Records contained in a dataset

**********

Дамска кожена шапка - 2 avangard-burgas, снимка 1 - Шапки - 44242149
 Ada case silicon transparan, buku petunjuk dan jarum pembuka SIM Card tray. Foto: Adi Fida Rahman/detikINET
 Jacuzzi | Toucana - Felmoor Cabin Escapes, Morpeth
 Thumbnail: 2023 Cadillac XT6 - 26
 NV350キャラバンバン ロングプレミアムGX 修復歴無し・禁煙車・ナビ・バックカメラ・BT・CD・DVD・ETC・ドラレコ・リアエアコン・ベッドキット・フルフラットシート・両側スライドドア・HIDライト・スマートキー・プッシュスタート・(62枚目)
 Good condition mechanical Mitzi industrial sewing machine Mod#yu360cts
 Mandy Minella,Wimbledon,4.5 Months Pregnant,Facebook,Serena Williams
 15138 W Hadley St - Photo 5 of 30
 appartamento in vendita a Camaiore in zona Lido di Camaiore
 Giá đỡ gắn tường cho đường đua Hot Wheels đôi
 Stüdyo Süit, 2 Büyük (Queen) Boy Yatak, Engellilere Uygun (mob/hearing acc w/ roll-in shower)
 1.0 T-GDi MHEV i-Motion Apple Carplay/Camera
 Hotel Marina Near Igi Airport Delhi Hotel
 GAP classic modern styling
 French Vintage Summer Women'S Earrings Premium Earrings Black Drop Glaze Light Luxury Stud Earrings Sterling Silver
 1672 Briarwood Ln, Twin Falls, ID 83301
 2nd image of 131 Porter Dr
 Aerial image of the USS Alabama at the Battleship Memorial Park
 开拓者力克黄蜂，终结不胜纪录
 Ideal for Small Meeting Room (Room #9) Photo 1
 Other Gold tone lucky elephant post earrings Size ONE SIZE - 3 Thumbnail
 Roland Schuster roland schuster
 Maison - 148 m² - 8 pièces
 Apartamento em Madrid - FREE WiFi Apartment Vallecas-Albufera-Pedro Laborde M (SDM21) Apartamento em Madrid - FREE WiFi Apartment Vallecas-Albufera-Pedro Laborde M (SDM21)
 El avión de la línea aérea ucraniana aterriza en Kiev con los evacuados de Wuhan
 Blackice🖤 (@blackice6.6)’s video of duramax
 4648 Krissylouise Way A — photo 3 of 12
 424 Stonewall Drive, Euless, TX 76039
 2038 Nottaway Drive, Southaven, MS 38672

**********

EXERCISE:
Each record must be reproduced exactly. Keep every one.

ANSWER TO THE EXERCISE:
Дамска кожена шапка - 2 avangard-burgas, снимка 1 - Шапки - 44242149
 Ada case silicon transparan, buku petunjuk dan jarum pembuka SIM Card tray. Foto: Adi Fida Rahman/detikINET
 Jacuzzi | Toucana - Felmoor Cabin Escapes, Morpeth
 Thumbnail: 2023 Cadillac XT6 - 26
 NV350キャラバンバン ロングプレミアムGX 修復歴無し・禁煙車・ナビ・バックカメラ・BT・CD・DVD・ETC・ドラレコ・リアエアコン・ベッドキット・フルフラットシート・両側スライドドア・HIDライト・スマートキー・プッシュスタート・(62枚目)
 Good condition mechanical Mitzi industrial sewing machine Mod#yu360cts
 Mandy Minella,Wimbledon,4.5 Months Pregnant,Facebook,Serena Williams
 15138 W Hadley St - Photo 5 of 30
 appartamento in vendita a Camaiore in zona Lido di Camaiore
 Giá đỡ gắn tường cho đường đua Hot Wheels đôi
 Stüdyo Süit, 2 Büyük (Queen) Boy Yatak, Engellilere Uygun (mob/hearing acc w/ roll-in shower)
 1.0 T-GDi MHEV i-Motion Apple Carplay/Camera
 Hotel Marina Near Igi Airport Delhi Hotel
 GAP classic modern styling
 French Vintage Summer Women'S Earrings Premium Earrings Black Drop Glaze Light Luxury Stud Earrings Sterling Silver
 1672 Briarwood Ln, Twin Falls, ID 83301
 2nd image of 131 Porter Dr
 Aerial image of the USS Alabama at the Battleship Memorial Park
 开拓者力克黄蜂，终结不胜纪录
 Ideal for Small Meeting Room (Room #9) Photo 1
 Other Gold tone lucky elephant post earrings Size ONE SIZE - 3 Thumbnail
 Roland Schuster roland schuster
 Maison - 148 m² - 8 pièces
 Apartamento em Madrid - FREE WiFi Apartment Vallecas-Albufera-Pedro Laborde M (SDM21) Apartamento em Madrid - FREE WiFi Apartment Vallecas-Albufera-Pedro Laborde M (SDM21)
 El avión de la línea aérea ucraniana aterriza en Kiev con los evacuados de Wuhan
 Blackice🖤 (@blackice6.6)’s video of duramax
 4648 Krissylouise Way A — photo 3 of 12
 424 Stonewall Drive, Euless, TX 76039
 2038 Nottaway Drive, Southaven, MS 38672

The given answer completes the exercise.